Selasa , 27 December 2016, 05:27 WIB

Sabun Aleppo yang tak Lagi Wangi

Rep: Fuji Pratiwi/ Red: Agung Sasongko
pdpics
Sabun mandi
Sabun mandi

REPUBLIKA.CO.ID, JAKARTA -- Sabun dafnah dipercaya telah berkembang di Suriah sekitar 2.000 tahun silam. Ada puluhan produsen yang mempertahankan cara tradisional pembuatan sabun ini. Kebanyakan dari mereka berada di Aleppo. Di kota ini, produksi sabun berlangsung pada November hingga April. Sementara, proses pemasaran berlangsung pada Mei hingga November.

Sabun tradisional ini mengandalkan sumber daya lokal, terutama minyak zaitun yang merupakan sebagian kecil dari bahan pembuat sabun. Sayangnya, pengelolaan minyak dafnah masih kurang baik sehingga minyak dafnah harus diimpor dari Turki.

(Baca: Sabun Beraroma Pertama Kali Diproduksi)

Sabun Aleppo adalah produk yang unik karena dibuat dengan teknik tradisional turun-temurun yang lestari selama ribuan tahun. Formula dan produksinya membuat sabun ini tak berubah dan tetap berharga tinggi.

Sabun ini terbuat dari minyak zaitun alami, minyak dafnah, dan air yang dicampur natrium hidroksida. Semua bahan itu dipanaskan dan dibiarkan dingin secara alami. Setelah adonan sabun dingin dan mengeras, bongkahan besar sabun dipotong-potong. Sabun ini tahan setidaknya hingga tiga bulan. Selama itu, warna sabun akan berubah dari hijau menjadi cokelat.

Mereka yang pernah berkunjung ke Aleppo dengan mudah membuktikan kualitas sabun alami ini.
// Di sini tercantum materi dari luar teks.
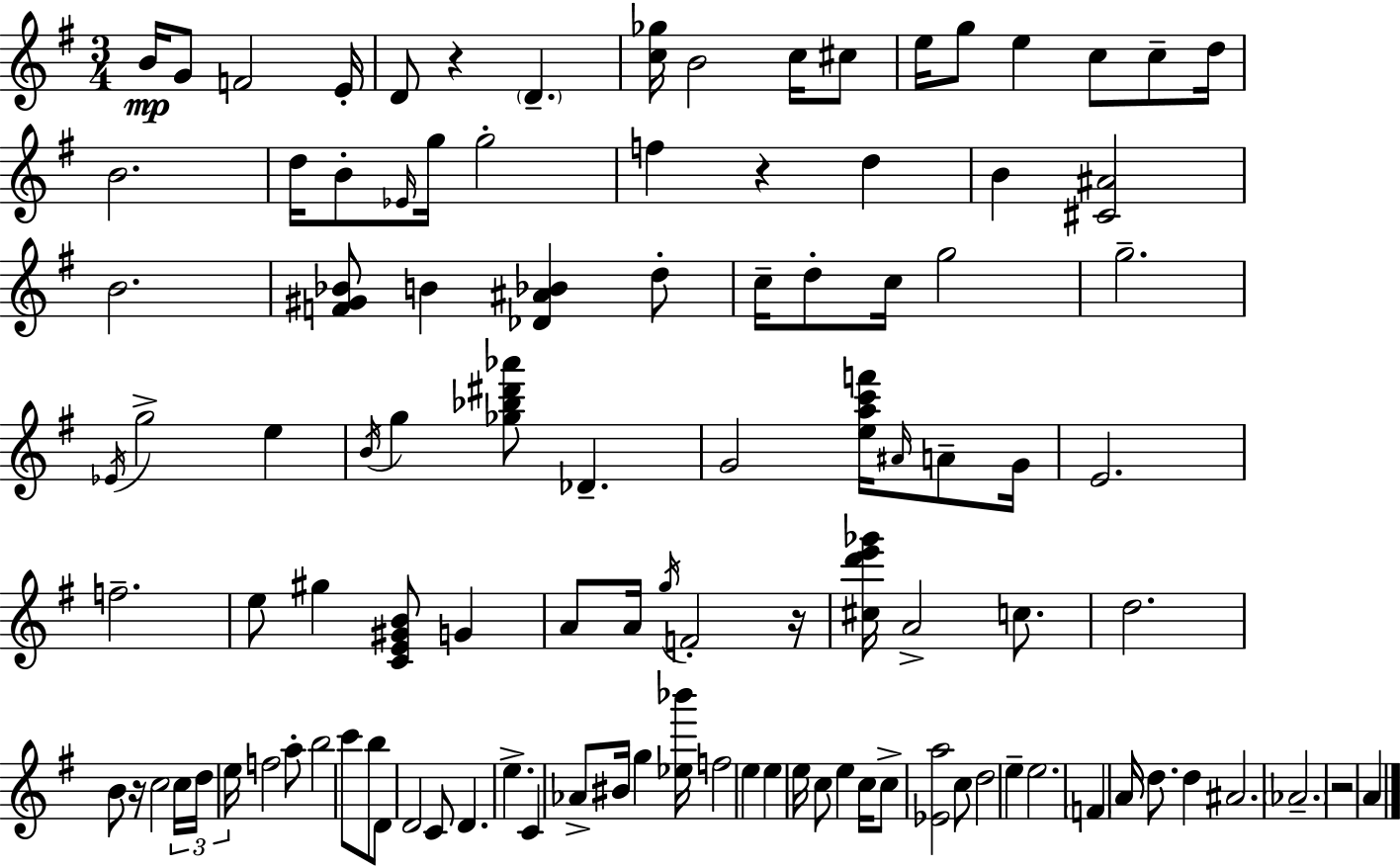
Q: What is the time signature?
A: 3/4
Sabun Aleppo yang alami dan mudah diurai lingkungan ini merupakan produk perawatan tubuh yang kondang sebagai pelembap kulit. Karena itu, produk ini sering digunakan untuk memandikan  bayi.

Di lapak-lapak Suq al-'Attarin (pasar minyak wangi) di Aleppo, dipenuhi tumpukan balok-balok kecil sabun berwarna hijau dan kuning. Pabrik-pabrik sabun tradisional di Aleppo bisa saja tersembunyi, tetapi tak sulit menyusuri jejak wangi minyak dafnah yang memenuhi udara.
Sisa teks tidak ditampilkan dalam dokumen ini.